No UFC 137 tive o privilégio de acompanhar a luta entre B. J. Penn e Nick Diaz. Essa luta ou, mais precisamente, a maneira como ela se desdobrou passou a chamar minha atenção por um tempo, diríamos, assim, além do normal. Volta e meia, me via pensando ainda sobre ela. Não era nem tanto pelo resultado que, aliás, também estava de acordo.

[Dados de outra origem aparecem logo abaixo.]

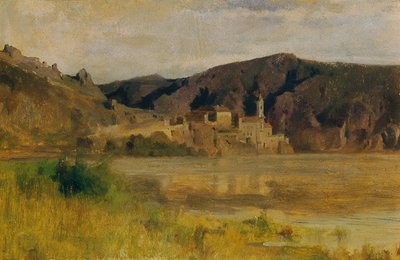 Durnstein látványa alkotó: Johann  Till der Jüngere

Mas, acredito que tenha sido, talvez, por ter-me sugerido (ou até mesmo revelado) algumas coisas de grande valor desses dois lutadores, e que não podem, de forma alguma, passar despercebidas.
Sobre isso, Nietzsche já nos alertava que “a fineza, a qualidade e a elevação de uma alma são perigosamente colocadas à prova quando passa junto a ela algo que é de primeira categoria, mas que ainda não é protegido de garras e grosserias impertinentes pelos estremecimentos da autoridade”. Dessa maneira, deixar de reconhecer, nem mesmo destacar, os possíveis significados daquela luta constitui ato de baixeza ou falta de elevação moral. É como se algo venerável e de grande valia passasse repentinamente ao seu lado sem que você seja capaz de perceber.
Nick Diaz, atualmente com 28 anos, vem do Jiu-Jitsu (equipe Cesar Gracie) mas, como se diz na gíria, com o Boxe do lado. O que para alguns pode parecer um defeito ou ponto fraco, a mim apresenta-se mais como uma característica peculiar o fato de boxear com guarda baixa. Não está sob discussão, aqui, a importância de se manter sempre a guarda erguida em um combate. Mas, se um lutador profissional mantém esse hábito a ponto de torná-lo uma característica pessoal seria necessário, ao menos do meu ponto de vista, tentar entender a(s) razão(ões) que levou(varam) à formação dessa particularidade.
Não seria exagero algum afirmar que Nick Diaz se enquadra na categoria do que se entende por garoto problema. Pelo contrário. Seria, inclusive, o mais adequado. Faltou seguidamente em duas sessões públicas da promoção do evento (foi cortado e substituído por outro lutador, mas, logo em seguida, re-convocado, pelo fato do outro lutador ter se machucado), já foi pego no antidoping (maconha) alegando, ainda, no Los Angeles Times, que se sente bem fumando maconha e que bebe uma quantidade considerável de água para passar nos exames antidopings.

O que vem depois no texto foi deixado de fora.